Darf im Impressum auch eine Handynummer angegeben werden?
Wer digitale Dienste geschäftsmäßig anbietet, muss ein Impressum vorhalten. Genügt als Telefonnummer auch eine Mobilfunknummer oder ist zwingend eine Festnetznummer anzugeben?
Inhaltsverzeichnis
Besteht eine Pflicht zur Angabe einer Telefonnummer?
Nach § 5 Abs. 1 Nr. 2 DDG müssen Diensteanbieter im Impressum Angaben bereithalten, die eine schnelle elektronische Kontaktaufnahme und eine unmittelbare Kommunikation ermöglichen. Zwingend vorgeschrieben ist dabei allein die Angabe einer E-Mail-Adresse.

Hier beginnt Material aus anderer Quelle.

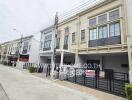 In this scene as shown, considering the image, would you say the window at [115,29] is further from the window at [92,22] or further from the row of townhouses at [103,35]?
the window at [92,22]

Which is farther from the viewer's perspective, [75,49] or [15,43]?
[15,43]

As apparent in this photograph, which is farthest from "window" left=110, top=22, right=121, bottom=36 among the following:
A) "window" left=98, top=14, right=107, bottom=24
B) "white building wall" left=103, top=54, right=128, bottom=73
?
"white building wall" left=103, top=54, right=128, bottom=73

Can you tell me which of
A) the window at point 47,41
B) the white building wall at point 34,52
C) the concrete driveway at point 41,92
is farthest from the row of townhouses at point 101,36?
the white building wall at point 34,52

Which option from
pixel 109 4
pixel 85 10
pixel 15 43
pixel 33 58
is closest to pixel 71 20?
pixel 85 10

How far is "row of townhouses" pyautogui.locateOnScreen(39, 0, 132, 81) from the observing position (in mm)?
12211

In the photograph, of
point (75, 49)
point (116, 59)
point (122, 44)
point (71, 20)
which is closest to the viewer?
point (122, 44)

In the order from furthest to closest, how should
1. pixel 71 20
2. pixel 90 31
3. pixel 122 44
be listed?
pixel 71 20 < pixel 90 31 < pixel 122 44

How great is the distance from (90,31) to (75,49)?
320 cm

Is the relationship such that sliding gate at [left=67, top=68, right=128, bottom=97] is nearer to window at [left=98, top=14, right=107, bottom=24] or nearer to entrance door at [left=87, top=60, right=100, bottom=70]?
entrance door at [left=87, top=60, right=100, bottom=70]

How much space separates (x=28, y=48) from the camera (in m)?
34.8

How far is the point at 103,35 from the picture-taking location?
576 inches

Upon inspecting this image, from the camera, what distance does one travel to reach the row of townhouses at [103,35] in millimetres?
12211

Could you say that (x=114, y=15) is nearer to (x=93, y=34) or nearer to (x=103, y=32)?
(x=103, y=32)

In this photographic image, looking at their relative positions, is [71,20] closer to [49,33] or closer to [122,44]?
[49,33] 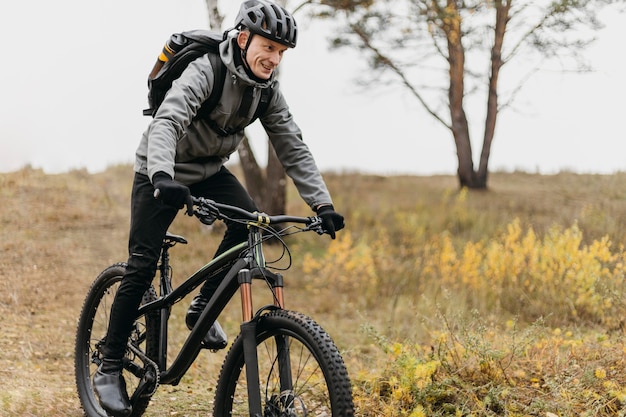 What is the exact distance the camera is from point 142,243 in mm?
4172

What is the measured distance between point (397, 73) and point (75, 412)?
491 inches

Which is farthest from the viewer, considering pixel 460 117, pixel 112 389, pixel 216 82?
pixel 460 117

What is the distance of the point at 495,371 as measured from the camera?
4.65 metres

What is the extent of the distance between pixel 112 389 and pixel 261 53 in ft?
7.14

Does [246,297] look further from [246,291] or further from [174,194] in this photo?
[174,194]

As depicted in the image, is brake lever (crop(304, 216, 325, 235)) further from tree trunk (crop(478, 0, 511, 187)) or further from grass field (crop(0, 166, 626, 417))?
tree trunk (crop(478, 0, 511, 187))

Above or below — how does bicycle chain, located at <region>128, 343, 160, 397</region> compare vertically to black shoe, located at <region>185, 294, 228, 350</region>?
below

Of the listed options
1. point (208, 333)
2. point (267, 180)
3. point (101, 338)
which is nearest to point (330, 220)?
point (208, 333)

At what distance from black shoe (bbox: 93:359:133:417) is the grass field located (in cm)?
82

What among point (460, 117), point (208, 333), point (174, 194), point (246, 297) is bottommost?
point (208, 333)

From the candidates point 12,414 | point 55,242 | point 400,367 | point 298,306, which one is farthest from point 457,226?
point 12,414

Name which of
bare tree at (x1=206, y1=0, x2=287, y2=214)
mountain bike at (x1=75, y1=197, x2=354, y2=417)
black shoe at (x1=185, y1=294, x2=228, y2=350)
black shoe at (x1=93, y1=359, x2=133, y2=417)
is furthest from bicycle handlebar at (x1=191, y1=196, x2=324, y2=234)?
bare tree at (x1=206, y1=0, x2=287, y2=214)

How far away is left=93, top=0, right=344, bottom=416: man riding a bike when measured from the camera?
391 cm

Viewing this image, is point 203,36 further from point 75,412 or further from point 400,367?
point 75,412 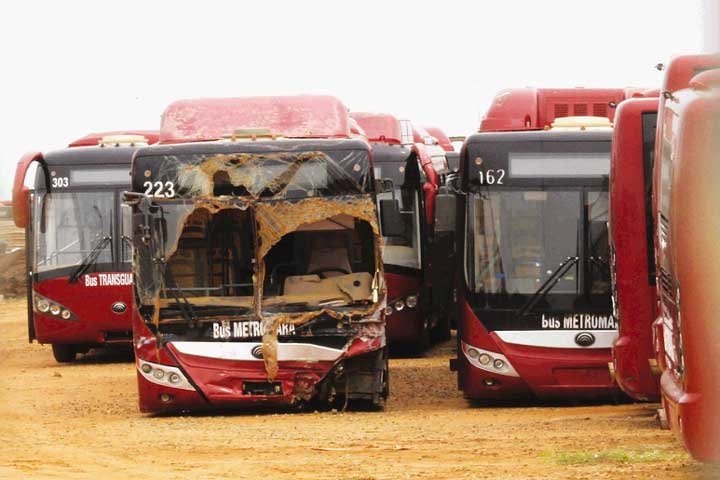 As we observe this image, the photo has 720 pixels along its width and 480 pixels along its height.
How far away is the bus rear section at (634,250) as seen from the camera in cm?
1316

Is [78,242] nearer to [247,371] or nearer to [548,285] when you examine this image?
[247,371]

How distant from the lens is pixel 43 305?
920 inches

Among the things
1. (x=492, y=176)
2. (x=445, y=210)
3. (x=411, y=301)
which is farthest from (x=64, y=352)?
(x=492, y=176)

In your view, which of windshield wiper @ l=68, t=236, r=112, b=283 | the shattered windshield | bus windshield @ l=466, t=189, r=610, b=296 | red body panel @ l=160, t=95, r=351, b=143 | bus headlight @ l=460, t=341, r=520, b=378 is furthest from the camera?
windshield wiper @ l=68, t=236, r=112, b=283

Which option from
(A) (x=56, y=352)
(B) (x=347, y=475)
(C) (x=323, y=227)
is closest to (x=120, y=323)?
(A) (x=56, y=352)

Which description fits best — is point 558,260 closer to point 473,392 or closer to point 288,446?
point 473,392

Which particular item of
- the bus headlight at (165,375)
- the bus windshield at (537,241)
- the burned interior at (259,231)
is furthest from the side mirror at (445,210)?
the bus headlight at (165,375)

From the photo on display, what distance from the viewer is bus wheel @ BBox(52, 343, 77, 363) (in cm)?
2445

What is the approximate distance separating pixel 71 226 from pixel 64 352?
94.1 inches

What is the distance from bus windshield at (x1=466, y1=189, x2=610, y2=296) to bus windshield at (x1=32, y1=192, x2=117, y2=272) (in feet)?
26.2

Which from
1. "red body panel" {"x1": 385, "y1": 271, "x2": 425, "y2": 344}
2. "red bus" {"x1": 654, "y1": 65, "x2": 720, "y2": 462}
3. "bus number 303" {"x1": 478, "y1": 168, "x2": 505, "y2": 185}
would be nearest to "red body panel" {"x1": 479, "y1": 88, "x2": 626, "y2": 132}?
"red body panel" {"x1": 385, "y1": 271, "x2": 425, "y2": 344}

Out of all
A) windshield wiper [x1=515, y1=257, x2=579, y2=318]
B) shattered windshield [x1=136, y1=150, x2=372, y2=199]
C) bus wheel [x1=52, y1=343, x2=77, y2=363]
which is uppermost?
shattered windshield [x1=136, y1=150, x2=372, y2=199]

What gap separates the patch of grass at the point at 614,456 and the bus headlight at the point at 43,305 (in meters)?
12.3

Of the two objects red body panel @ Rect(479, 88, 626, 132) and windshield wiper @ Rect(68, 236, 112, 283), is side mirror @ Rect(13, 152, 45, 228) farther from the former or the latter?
red body panel @ Rect(479, 88, 626, 132) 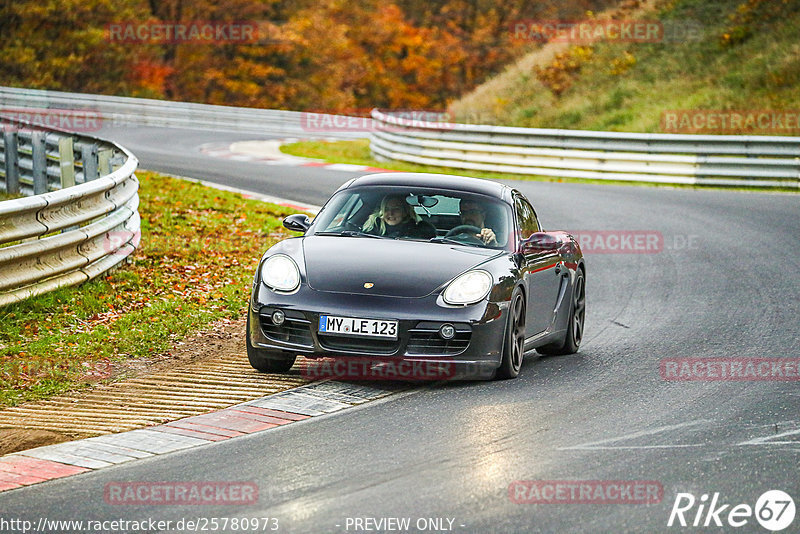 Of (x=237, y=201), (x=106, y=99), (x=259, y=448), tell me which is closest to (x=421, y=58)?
(x=106, y=99)

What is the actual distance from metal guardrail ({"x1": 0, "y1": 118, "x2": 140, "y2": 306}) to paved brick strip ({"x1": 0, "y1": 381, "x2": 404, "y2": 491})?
9.97 ft

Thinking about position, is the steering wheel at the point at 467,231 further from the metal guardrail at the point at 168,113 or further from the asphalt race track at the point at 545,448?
the metal guardrail at the point at 168,113

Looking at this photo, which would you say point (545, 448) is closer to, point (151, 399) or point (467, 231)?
point (151, 399)

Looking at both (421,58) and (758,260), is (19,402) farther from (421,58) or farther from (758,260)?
(421,58)

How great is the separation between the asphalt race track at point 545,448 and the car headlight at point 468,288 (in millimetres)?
602

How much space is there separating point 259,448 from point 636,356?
4.05 metres

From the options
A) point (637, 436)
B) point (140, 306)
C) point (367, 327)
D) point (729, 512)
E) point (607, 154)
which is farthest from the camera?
point (607, 154)

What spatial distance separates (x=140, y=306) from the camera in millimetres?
10617

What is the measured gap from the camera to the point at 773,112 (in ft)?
93.4

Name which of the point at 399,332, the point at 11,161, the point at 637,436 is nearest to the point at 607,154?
the point at 11,161

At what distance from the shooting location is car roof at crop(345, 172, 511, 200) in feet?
30.3

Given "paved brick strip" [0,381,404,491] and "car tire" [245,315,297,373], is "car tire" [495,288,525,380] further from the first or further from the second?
"car tire" [245,315,297,373]

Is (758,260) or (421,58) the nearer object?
(758,260)

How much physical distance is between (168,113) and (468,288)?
114 ft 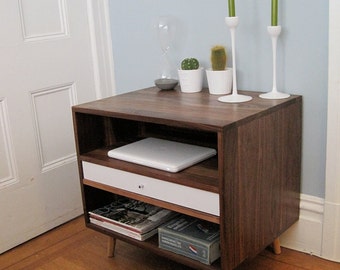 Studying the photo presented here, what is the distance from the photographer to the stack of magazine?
149 cm

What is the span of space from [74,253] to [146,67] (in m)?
0.73

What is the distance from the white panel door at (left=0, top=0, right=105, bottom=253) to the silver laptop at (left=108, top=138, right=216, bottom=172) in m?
0.44

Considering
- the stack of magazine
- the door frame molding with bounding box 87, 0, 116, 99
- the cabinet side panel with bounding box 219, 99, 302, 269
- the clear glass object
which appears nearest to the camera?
the cabinet side panel with bounding box 219, 99, 302, 269

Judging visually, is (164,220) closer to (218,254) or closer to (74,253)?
(218,254)

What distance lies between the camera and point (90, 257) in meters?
1.68

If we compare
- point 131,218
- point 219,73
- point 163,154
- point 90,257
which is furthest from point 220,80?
point 90,257

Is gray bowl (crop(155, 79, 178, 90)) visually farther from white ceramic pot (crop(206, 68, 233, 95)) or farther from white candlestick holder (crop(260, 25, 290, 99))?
white candlestick holder (crop(260, 25, 290, 99))

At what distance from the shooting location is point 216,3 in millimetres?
1580

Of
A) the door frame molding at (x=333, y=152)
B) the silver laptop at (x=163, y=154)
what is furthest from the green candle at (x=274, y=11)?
the silver laptop at (x=163, y=154)

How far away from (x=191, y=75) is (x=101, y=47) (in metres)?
0.52

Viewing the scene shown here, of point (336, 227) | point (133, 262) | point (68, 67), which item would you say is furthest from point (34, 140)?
point (336, 227)

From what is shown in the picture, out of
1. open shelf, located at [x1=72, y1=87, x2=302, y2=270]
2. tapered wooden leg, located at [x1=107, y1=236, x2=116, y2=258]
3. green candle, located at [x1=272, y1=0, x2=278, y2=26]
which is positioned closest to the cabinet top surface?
open shelf, located at [x1=72, y1=87, x2=302, y2=270]

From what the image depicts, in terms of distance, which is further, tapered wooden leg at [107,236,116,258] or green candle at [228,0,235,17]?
tapered wooden leg at [107,236,116,258]

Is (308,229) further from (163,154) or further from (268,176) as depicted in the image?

Eine Telefonnummer ist gesetzlich nicht ausdrücklich gefordert. Allerdings verlangt das Gesetz neben der E-Mail-Adresse einen weiteren Kommunikationsweg, der eine unmittelbare und effiziente Kontaktaufnahme gewährleistet.
Nach der Rechtsprechung des EuGH muss dieser zusätzliche Kommunikationsweg nicht zwingend telefonisch erfolgen. Er kann auch durch ein gleichwertig effizientes Mittel ersetzt werden, etwa ein elektronisches Kontaktformular, sofern darüber Anfragen zuverlässig und ohne nennenswerte Verzögerung beantwortet werden.
In der Praxis liegt das Risiko jedoch beim Diensteanbieter: Kann die Gleichwertigkeit eines alternativen Kontaktwegs im Streitfall nicht überzeugend nachgewiesen werden, drohen rechtliche Beanstandungen. Aus Gründen der Rechtssicherheit empfiehlt sich daher regelmäßig die Angabe einer Telefonnummer im Impressum.
Festnetz oder Mobilfunk?
Weder das Digitale-Dienste-Gesetz noch die einschlägigen unionsrechtlichen Vorgaben verlangen die Angabe einer Festnetznummer. Maßgeblich ist allein, dass der bereitgestellte Kommunikationsweg den Anforderungen an Unmittelbarkeit, Effizienz und Zumutbarkeit genügt.
1. Gleichwertigkeit der Mobilfunknummer
Eine Mobilfunknummer ermöglicht – ebenso wie eine Festnetznummer – eine direkte sprachliche Kommunikation zwischen Nutzer und Anbieter. Sie ist daher grundsätzlich geeignet, den gesetzlichen Anforderungen an einen unmittelbaren Kommunikationsweg zu genügen.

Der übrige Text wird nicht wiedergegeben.